CAST: Matilda Lutz, Alex Roe, Johnny Galecki | DIRECTOR: F. Javier Gutiérrez
Ajit Duara Ajit Duara | 10 Feb, 2017
This is the third American film in the series inspired by Koji Suzuki’s ‘Ring Trilogy’. This was a hugely popular set of novels in Japan about the ghost of a girl called Sadako Yamamura, who was killed by being thrown into a well, and who then, in her afterlife, created a cursed videotape. Anyone who sees the tape, dies within a week, unless he/she can copy it and get another person to see it. The novels were such a cult success that they inspired a ‘Manga’ series (uniquely visualized comics), and several movies in Japan and South Korea, before horror movie producers in America latched on to it and came up with an all American girl version, based on Samara Morgan, a similar character.

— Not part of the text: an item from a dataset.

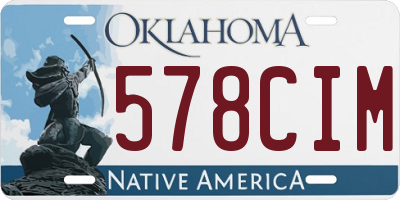 OK license plate 578CIM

It is a set of films that teenagers love to watch. It is also made abundantly clear, at least in this edition, that the lead actors in the film are not cast for their acting prowess. They may as well just read out their lines, and do a lot of heavy breathing, interrupted by intermittent screaming. Nor is there any effort on the part of the director to create a special design for the film. Every image has been seen in countless movies in the genre; including a black bird hitting the windscreen of a car, a gravestone that opens into a room, a blind man who uses a walking stick as a weapon, and much else. The videotape itself has the fragmented black and white footage of visuals from classic imagery on dreams and the sub-conscious, some of which look lifted from classics from the surrealists of cinema, and at least one from Bergman’s ‘Persona’.
‘Rings’ begins with a boy and a girl who have seen the videotape and are on a flight. They are both panic stricken as they are aware that their week is up, and they are going to die. You could call it their seven day glitch. Sure enough, the aircraft’s computer system goes mysteriously haywire, disorienting the pilots, and the plane crashes. A few years later, when videotapes have been replaced by pen drives and the internet, a college professor called Gabriel (Johnny Galecki) gets hold of an old VCR and finds the cursed videotape still in it. Since he teaches some obscure course about the afterlife in his classes, he analyses it as the testament of a trapped soul. Then he makes the fatal mistake of treating his students like guinea pigs, puts the video on a pen drive, and passes it around.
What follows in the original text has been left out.